Problem details:
Your task is to repeat exactly the lines below between the line holding "thinly sliced grilled steak on cutting board" and the line holding "stock image The", inclusive, and only those.

====

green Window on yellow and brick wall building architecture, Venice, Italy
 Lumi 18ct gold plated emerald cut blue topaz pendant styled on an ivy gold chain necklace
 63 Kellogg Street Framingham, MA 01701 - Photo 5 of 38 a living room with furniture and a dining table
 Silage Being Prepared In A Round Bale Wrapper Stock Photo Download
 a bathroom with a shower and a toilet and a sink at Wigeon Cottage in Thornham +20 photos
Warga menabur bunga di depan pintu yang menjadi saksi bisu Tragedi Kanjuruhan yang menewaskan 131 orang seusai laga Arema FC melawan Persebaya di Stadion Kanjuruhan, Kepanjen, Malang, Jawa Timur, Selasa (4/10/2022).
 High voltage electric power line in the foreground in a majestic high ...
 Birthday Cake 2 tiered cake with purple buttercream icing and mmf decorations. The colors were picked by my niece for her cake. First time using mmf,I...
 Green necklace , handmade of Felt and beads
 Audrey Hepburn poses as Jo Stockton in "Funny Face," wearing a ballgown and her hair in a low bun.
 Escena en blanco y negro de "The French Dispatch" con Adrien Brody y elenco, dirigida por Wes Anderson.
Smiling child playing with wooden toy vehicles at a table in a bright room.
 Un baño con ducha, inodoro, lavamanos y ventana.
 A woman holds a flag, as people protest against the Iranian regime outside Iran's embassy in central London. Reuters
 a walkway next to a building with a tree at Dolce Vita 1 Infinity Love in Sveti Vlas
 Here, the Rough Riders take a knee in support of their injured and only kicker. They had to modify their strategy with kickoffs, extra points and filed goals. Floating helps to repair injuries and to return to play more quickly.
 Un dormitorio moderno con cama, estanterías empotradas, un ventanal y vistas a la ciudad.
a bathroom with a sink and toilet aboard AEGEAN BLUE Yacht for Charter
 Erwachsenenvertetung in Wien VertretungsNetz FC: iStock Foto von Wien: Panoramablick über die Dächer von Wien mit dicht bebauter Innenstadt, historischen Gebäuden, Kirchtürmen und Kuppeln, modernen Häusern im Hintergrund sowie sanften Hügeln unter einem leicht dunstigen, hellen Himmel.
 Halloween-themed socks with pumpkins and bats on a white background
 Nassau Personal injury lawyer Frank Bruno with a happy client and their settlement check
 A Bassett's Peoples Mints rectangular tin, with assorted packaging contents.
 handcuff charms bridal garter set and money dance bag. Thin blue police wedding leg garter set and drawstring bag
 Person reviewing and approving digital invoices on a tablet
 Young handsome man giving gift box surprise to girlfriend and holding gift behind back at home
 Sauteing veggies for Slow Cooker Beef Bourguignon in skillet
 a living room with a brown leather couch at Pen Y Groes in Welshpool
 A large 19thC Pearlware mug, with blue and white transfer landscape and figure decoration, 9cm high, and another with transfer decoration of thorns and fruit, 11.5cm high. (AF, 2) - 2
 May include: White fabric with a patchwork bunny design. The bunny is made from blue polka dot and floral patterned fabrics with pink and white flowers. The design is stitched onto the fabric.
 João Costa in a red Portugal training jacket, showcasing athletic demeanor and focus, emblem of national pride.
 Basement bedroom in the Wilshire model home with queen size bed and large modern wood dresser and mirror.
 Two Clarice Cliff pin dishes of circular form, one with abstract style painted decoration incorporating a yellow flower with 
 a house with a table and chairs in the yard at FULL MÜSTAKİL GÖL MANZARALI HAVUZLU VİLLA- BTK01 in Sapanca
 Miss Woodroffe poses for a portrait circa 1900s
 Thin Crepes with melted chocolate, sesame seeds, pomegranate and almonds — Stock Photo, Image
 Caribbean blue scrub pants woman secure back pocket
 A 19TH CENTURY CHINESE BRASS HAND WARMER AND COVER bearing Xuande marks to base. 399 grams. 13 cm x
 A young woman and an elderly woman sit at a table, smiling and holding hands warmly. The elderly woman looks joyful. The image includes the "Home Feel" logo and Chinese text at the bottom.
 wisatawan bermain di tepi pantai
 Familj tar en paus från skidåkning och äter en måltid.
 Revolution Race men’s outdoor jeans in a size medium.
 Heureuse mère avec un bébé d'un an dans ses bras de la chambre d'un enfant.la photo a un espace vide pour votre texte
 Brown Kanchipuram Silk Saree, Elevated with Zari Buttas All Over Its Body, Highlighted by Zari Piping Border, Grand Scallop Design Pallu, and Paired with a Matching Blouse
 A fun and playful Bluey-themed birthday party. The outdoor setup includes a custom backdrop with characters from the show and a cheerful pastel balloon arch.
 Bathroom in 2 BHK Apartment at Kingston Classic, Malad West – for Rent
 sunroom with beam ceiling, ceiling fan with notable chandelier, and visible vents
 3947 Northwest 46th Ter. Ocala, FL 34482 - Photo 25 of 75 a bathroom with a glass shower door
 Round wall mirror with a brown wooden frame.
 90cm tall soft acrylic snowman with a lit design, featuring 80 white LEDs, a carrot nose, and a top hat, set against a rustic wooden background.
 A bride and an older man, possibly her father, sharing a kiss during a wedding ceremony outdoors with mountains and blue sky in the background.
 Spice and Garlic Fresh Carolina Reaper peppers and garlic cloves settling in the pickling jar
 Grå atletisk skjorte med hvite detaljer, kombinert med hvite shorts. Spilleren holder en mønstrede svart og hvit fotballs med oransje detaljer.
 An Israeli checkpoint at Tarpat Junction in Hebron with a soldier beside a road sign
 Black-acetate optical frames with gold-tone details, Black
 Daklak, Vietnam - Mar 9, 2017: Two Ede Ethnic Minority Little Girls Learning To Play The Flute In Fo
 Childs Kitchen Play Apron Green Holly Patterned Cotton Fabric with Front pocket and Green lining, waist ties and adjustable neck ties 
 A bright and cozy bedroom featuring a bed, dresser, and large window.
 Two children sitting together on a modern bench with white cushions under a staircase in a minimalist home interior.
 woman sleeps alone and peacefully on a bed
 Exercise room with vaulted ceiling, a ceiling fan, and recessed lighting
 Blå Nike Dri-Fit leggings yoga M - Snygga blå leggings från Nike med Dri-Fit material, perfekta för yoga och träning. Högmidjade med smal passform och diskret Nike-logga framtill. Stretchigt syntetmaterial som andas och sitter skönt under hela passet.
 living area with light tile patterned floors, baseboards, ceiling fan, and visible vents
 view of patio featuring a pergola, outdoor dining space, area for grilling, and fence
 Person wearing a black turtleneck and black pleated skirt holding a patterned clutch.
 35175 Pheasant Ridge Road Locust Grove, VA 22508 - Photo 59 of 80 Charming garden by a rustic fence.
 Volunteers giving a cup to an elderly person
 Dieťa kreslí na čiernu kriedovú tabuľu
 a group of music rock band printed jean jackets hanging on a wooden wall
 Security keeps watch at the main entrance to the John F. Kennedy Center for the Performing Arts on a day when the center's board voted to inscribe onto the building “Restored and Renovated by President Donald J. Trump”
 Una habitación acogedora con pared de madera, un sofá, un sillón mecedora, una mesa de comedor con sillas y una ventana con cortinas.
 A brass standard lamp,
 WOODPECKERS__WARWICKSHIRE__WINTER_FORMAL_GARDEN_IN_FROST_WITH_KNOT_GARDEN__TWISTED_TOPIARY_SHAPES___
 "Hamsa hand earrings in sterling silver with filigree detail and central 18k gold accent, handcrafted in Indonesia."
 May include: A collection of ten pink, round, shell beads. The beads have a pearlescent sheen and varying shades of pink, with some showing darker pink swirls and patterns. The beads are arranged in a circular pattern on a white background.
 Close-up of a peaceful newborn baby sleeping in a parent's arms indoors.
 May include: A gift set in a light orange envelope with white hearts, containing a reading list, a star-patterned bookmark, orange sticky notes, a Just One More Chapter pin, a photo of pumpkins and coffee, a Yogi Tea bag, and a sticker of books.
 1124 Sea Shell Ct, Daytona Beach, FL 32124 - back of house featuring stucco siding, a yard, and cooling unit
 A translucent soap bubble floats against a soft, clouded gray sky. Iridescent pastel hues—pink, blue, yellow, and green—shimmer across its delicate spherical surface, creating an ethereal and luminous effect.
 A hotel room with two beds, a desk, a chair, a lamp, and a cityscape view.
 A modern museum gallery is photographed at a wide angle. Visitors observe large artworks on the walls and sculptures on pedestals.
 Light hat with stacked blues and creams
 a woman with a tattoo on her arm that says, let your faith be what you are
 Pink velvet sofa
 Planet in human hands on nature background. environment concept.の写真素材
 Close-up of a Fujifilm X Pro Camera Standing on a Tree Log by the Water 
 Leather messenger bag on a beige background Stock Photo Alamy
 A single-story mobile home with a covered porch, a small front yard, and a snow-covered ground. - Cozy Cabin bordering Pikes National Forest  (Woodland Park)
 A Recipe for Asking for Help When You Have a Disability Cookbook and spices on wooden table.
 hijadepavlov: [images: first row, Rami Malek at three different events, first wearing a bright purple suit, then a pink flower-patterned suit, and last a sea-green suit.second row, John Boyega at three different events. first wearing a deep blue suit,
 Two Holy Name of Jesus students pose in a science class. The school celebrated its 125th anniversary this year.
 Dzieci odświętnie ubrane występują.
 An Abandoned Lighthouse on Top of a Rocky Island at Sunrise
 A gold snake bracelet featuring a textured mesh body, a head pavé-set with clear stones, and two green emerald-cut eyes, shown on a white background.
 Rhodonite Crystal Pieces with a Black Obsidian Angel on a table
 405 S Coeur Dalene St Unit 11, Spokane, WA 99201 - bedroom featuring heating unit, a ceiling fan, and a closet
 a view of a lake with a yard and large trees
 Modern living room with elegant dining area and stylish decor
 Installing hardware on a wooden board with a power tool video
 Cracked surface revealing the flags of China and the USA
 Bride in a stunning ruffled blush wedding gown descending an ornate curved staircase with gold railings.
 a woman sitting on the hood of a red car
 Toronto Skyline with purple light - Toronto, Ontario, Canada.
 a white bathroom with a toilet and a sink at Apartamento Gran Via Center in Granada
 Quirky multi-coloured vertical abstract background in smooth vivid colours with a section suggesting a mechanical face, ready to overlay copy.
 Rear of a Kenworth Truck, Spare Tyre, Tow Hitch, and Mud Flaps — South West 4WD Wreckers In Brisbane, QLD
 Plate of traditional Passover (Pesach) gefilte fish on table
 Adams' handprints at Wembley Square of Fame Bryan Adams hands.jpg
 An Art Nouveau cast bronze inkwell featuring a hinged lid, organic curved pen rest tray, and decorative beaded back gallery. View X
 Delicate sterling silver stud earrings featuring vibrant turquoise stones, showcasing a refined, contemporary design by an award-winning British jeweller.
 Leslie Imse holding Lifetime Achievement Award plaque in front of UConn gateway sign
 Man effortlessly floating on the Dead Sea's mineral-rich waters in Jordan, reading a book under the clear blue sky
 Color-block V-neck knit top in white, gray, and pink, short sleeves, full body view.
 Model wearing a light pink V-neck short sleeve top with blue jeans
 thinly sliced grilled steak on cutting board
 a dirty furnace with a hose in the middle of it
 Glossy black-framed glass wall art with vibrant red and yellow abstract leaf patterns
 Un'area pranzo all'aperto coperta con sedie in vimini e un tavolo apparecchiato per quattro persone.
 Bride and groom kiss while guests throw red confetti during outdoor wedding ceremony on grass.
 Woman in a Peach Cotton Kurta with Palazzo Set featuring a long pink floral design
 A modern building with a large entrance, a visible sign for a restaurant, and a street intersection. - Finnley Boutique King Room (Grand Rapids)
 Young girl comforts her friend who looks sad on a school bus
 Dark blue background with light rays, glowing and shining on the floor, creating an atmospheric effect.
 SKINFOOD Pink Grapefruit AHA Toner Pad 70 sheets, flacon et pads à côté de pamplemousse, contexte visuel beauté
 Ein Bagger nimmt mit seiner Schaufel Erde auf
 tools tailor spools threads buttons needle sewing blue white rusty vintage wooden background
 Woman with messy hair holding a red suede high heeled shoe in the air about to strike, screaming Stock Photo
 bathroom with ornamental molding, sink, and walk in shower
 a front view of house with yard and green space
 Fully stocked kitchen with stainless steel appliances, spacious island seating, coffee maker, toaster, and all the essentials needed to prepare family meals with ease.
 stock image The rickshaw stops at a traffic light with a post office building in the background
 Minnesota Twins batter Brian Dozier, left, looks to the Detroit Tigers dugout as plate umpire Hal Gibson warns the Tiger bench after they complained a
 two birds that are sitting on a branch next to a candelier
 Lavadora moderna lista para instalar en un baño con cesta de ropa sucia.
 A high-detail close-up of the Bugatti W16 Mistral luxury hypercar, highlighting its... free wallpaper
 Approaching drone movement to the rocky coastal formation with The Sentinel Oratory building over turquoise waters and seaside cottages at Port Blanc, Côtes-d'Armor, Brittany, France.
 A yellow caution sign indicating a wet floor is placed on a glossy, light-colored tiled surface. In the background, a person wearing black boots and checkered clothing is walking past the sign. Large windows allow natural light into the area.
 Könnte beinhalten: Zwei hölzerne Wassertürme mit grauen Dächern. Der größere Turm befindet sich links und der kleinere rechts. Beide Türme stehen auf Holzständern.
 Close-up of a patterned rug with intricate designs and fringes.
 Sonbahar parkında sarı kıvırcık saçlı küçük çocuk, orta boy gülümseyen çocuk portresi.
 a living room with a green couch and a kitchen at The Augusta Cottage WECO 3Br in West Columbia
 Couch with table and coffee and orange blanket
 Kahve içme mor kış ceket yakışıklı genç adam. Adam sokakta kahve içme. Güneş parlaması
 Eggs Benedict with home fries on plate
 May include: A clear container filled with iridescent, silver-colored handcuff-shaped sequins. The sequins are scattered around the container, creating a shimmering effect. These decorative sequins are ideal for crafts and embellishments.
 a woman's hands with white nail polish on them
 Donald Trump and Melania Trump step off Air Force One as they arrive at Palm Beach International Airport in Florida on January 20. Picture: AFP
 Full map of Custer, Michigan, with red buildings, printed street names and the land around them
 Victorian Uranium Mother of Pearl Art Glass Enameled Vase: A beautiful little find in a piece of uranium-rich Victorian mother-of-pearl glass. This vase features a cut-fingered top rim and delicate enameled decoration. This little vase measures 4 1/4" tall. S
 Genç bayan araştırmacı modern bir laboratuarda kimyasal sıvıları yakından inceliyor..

====

Task answer:
 thinly sliced grilled steak on cutting board
 a dirty furnace with a hose in the middle of it
 Glossy black-framed glass wall art with vibrant red and yellow abstract leaf patterns
 Un'area pranzo all'aperto coperta con sedie in vimini e un tavolo apparecchiato per quattro persone.
 Bride and groom kiss while guests throw red confetti during outdoor wedding ceremony on grass.
 Woman in a Peach Cotton Kurta with Palazzo Set featuring a long pink floral design
 A modern building with a large entrance, a visible sign for a restaurant, and a street intersection. - Finnley Boutique King Room (Grand Rapids)
 Young girl comforts her friend who looks sad on a school bus
 Dark blue background with light rays, glowing and shining on the floor, creating an atmospheric effect.
 SKINFOOD Pink Grapefruit AHA Toner Pad 70 sheets, flacon et pads à côté de pamplemousse, contexte visuel beauté
 Ein Bagger nimmt mit seiner Schaufel Erde auf
 tools tailor spools threads buttons needle sewing blue white rusty vintage wooden background
 Woman with messy hair holding a red suede high heeled shoe in the air about to strike, screaming Stock Photo
 bathroom with ornamental molding, sink, and walk in shower
 a front view of house with yard and green space
 Fully stocked kitchen with stainless steel appliances, spacious island seating, coffee maker, toaster, and all the essentials needed to prepare family meals with ease.
 stock image The rickshaw stops at a traffic light with a post office building in the background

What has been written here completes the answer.